[Recorded data]
--- START ---

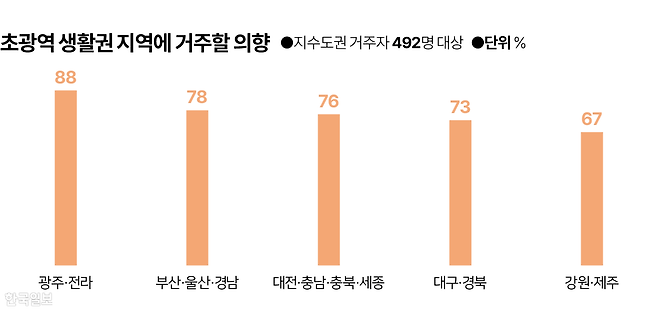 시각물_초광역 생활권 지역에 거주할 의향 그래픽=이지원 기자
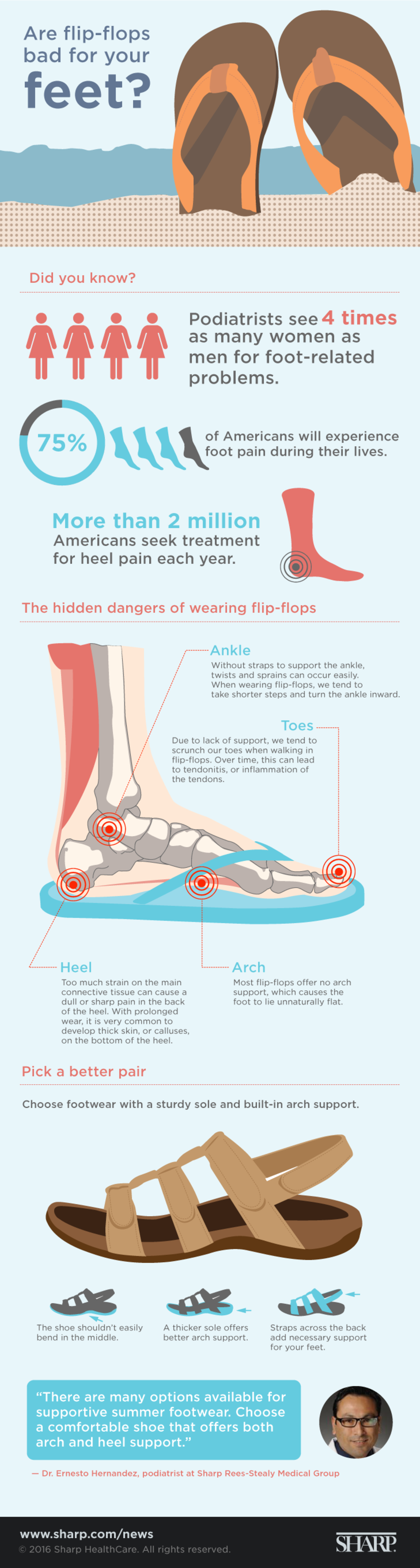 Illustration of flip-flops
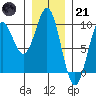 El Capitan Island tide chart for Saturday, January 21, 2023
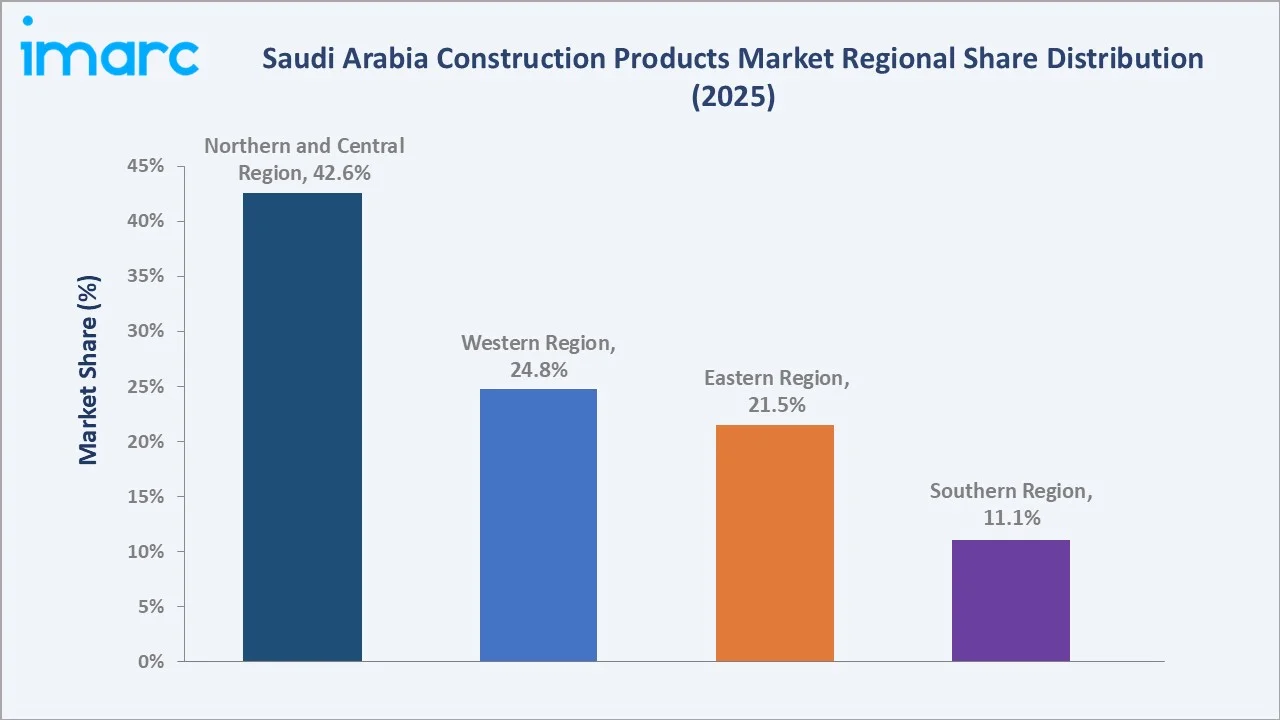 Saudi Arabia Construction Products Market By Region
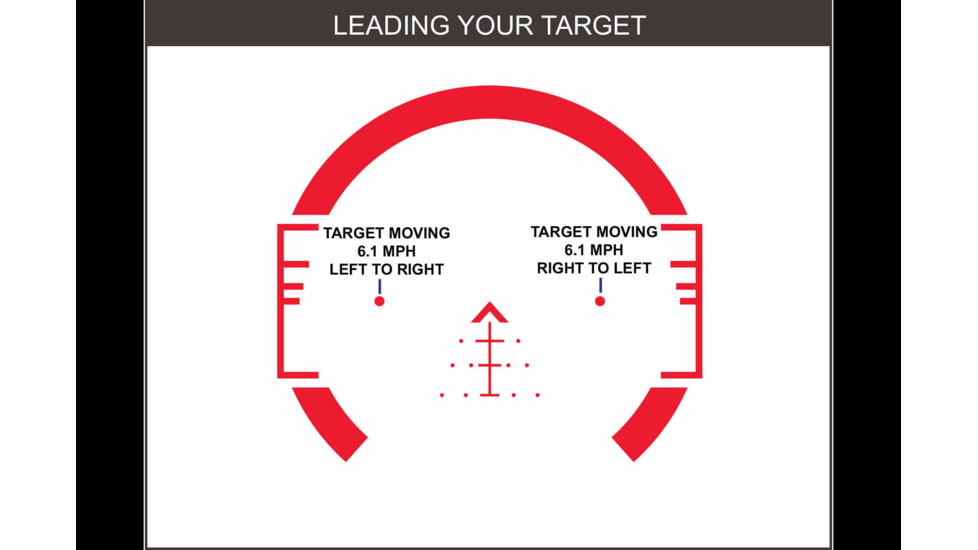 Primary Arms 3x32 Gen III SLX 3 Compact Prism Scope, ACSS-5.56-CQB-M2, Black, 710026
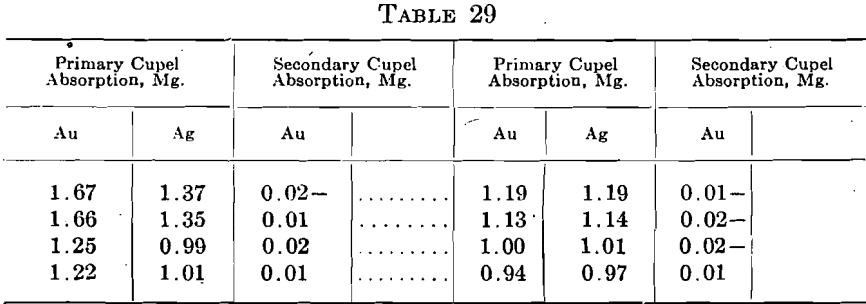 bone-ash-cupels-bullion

--- END ---

- Exercise goal
This exercise calls for a verbatim output of the entries, pictures omitted.

- Result for this exercise
 시각물_초광역 생활권 지역에 거주할 의향 그래픽=이지원 기자
 Illustration of flip-flops
 El Capitan Island tide chart for Saturday, January 21, 2023
 Saudi Arabia Construction Products Market By Region
 Primary Arms 3x32 Gen III SLX 3 Compact Prism Scope, ACSS-5.56-CQB-M2, Black, 710026
 bone-ash-cupels-bullion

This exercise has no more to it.